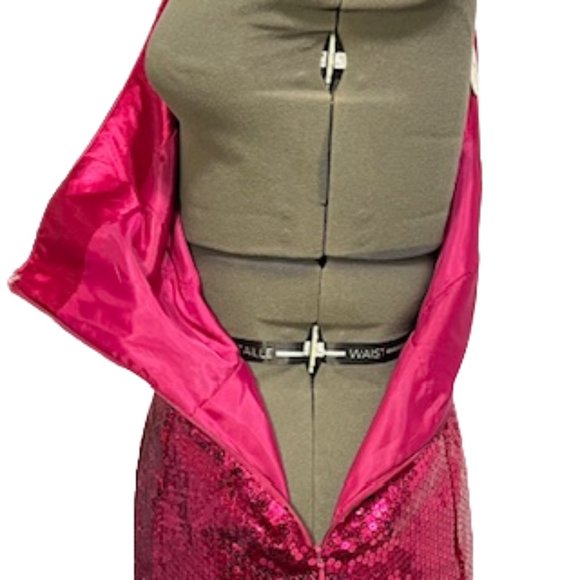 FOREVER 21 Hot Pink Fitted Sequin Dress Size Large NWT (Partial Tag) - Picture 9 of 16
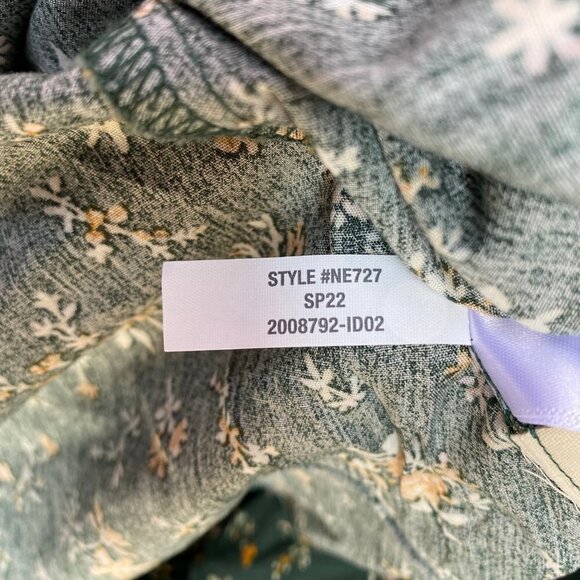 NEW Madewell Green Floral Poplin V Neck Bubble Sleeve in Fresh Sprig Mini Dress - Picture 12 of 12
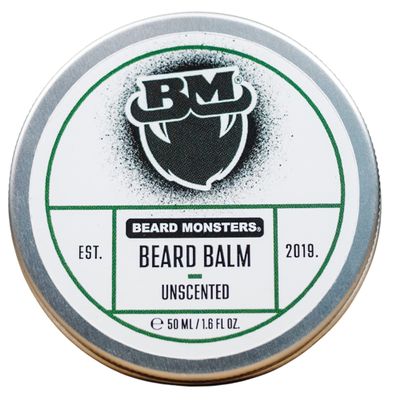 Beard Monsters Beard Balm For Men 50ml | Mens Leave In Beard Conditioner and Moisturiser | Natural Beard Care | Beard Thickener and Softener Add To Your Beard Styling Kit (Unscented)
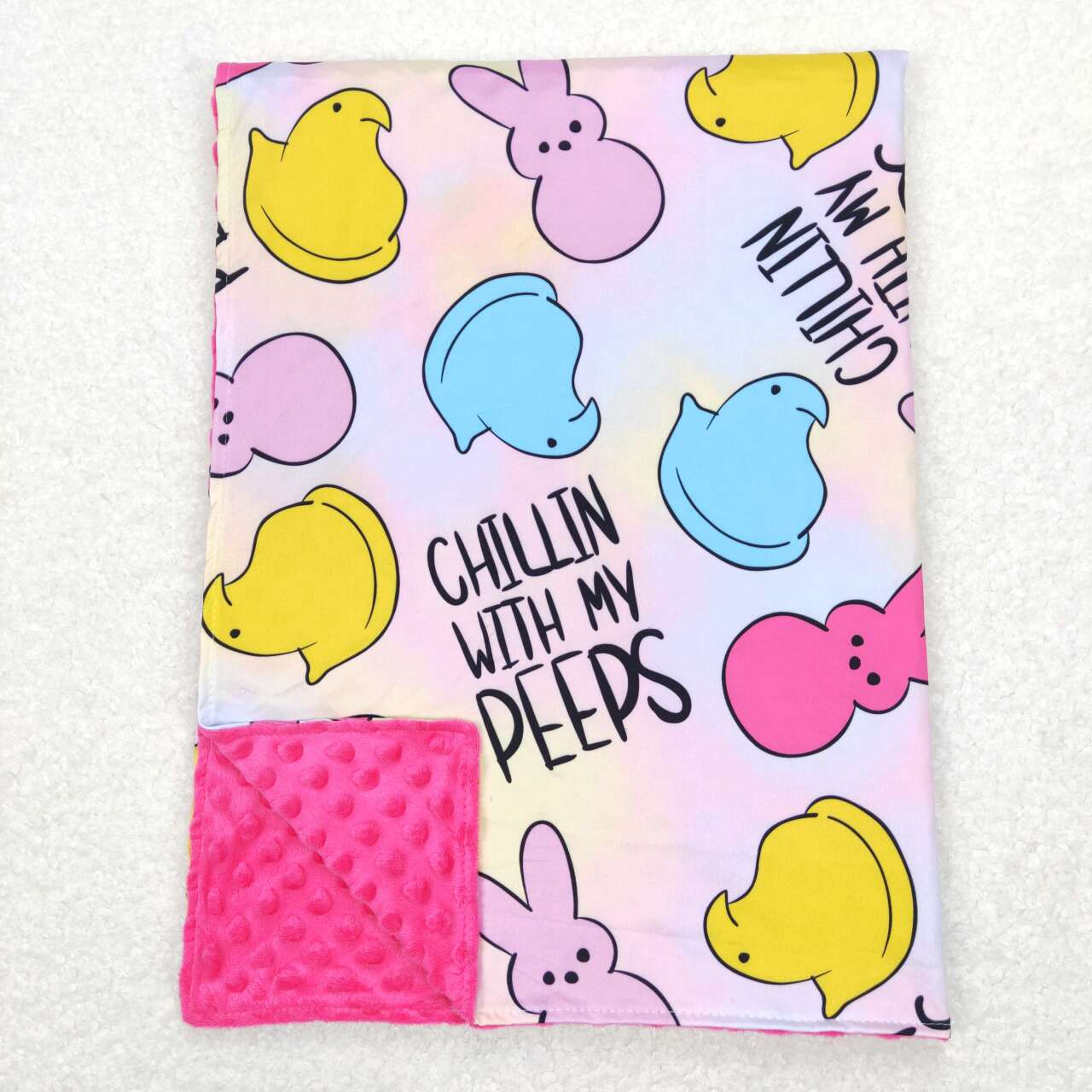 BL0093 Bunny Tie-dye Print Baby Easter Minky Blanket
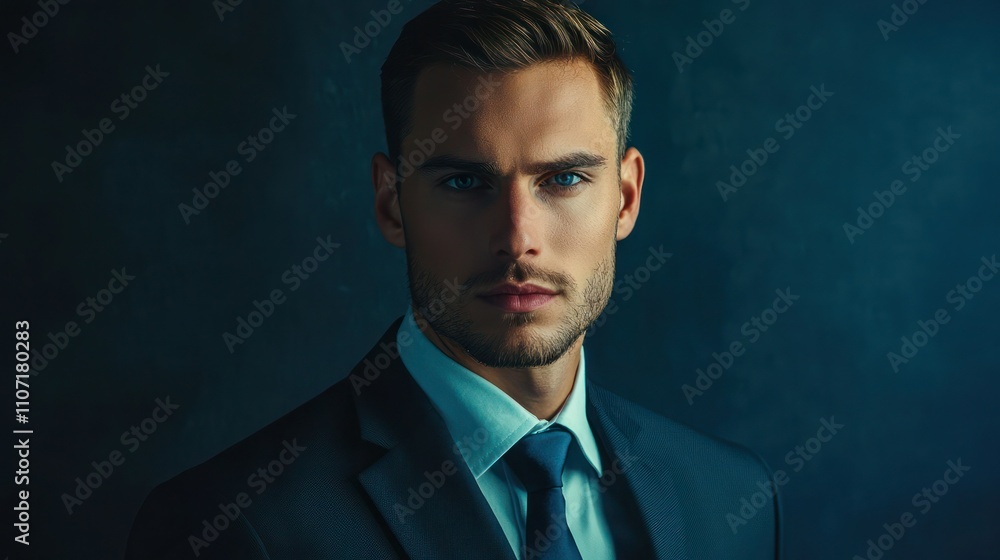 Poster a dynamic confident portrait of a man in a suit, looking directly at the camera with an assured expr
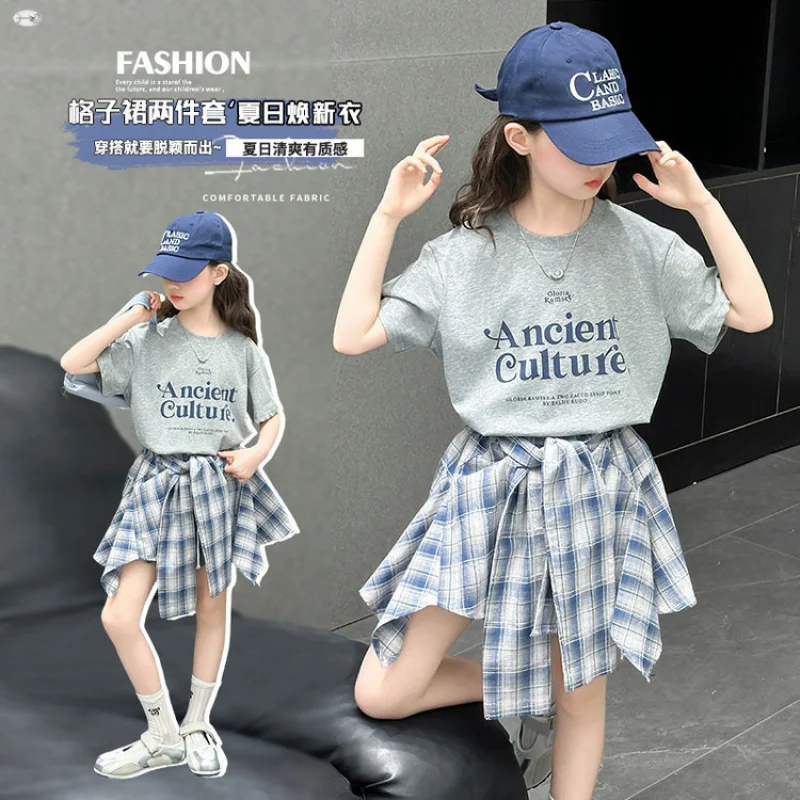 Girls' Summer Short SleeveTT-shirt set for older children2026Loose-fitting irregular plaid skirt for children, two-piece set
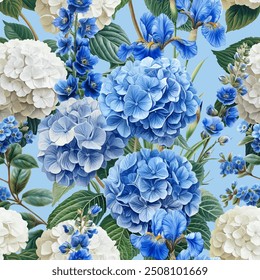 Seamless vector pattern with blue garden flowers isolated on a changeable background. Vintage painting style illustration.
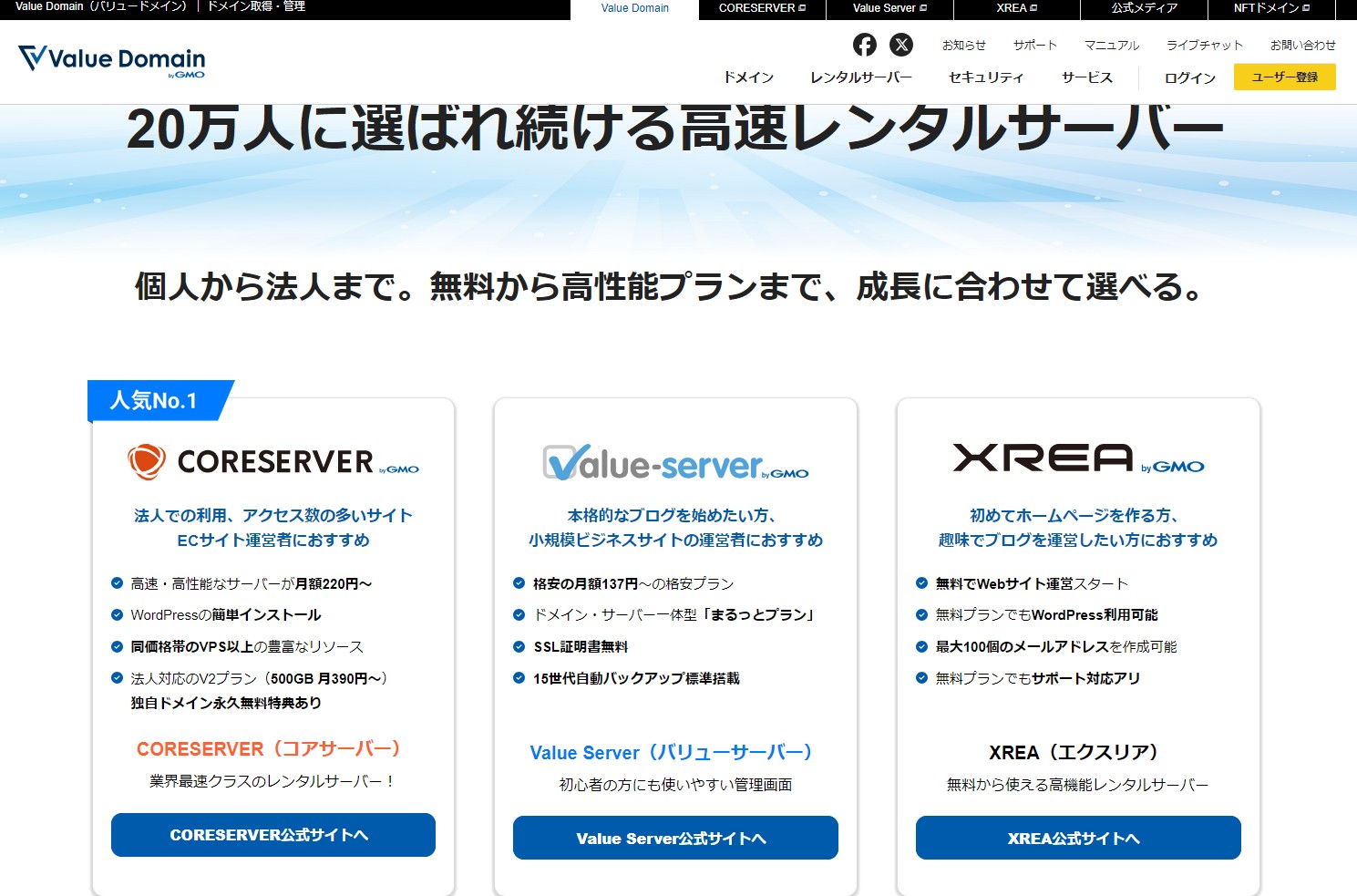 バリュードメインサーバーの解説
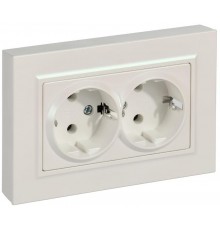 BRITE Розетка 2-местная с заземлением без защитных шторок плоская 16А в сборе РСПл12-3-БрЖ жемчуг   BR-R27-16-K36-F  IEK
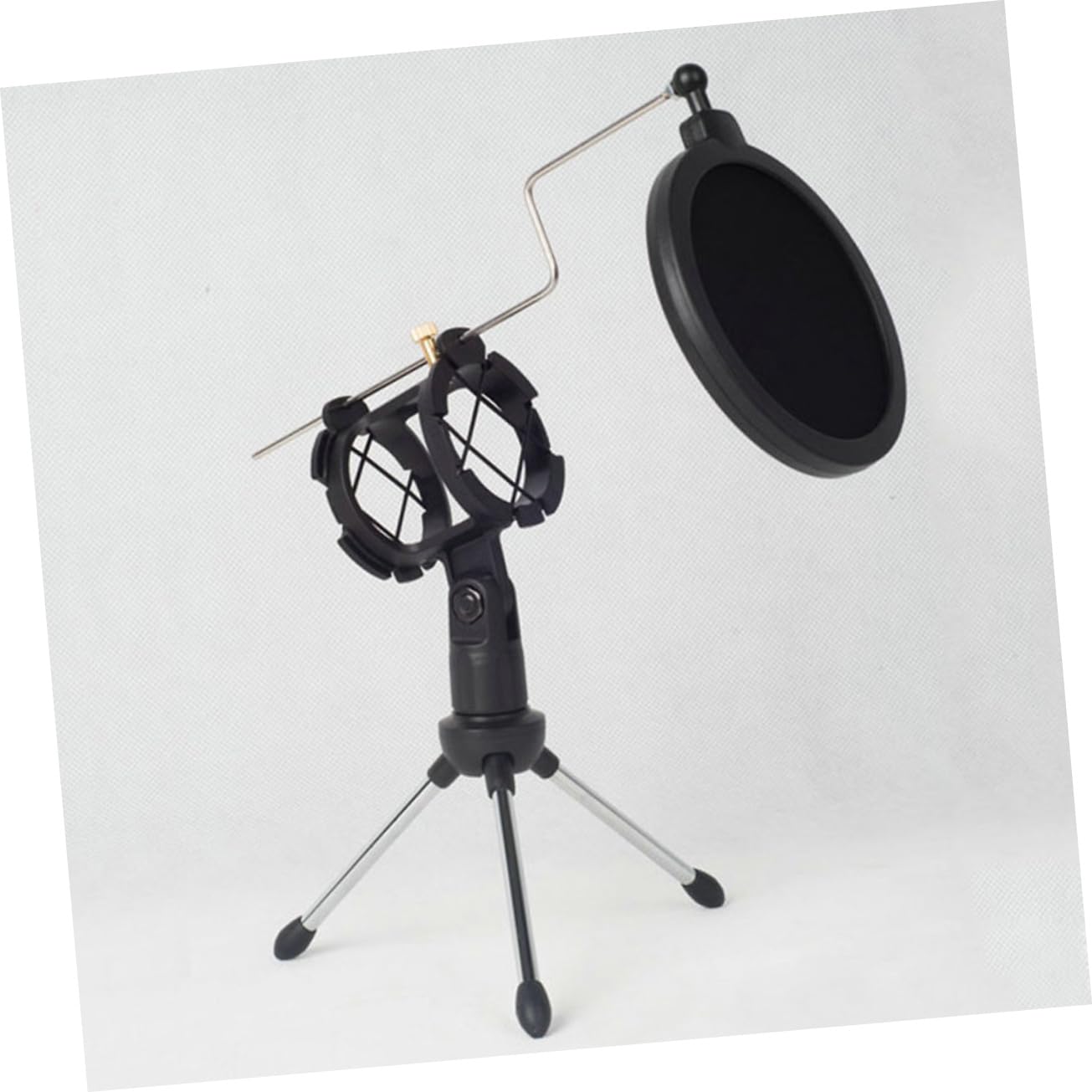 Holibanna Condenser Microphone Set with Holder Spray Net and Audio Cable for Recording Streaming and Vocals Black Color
────────
→ **What you are asked to do**
The reply should hold an exact repeat of the entries from their opening line through the line with "BL0093 Bunny Tie-dye", and no pictures at all.

→ **Response for this exercise**
 FOREVER 21 Hot Pink Fitted Sequin Dress Size Large NWT (Partial Tag) - Picture 9 of 16
 NEW Madewell Green Floral Poplin V Neck Bubble Sleeve in Fresh Sprig Mini Dress - Picture 12 of 12
 Beard Monsters Beard Balm For Men 50ml | Mens Leave In Beard Conditioner and Moisturiser | Natural Beard Care | Beard Thickener and Softener Add To Your Beard Styling Kit (Unscented)
 BL0093 Bunny Tie-dye Print Baby Easter Minky Blanket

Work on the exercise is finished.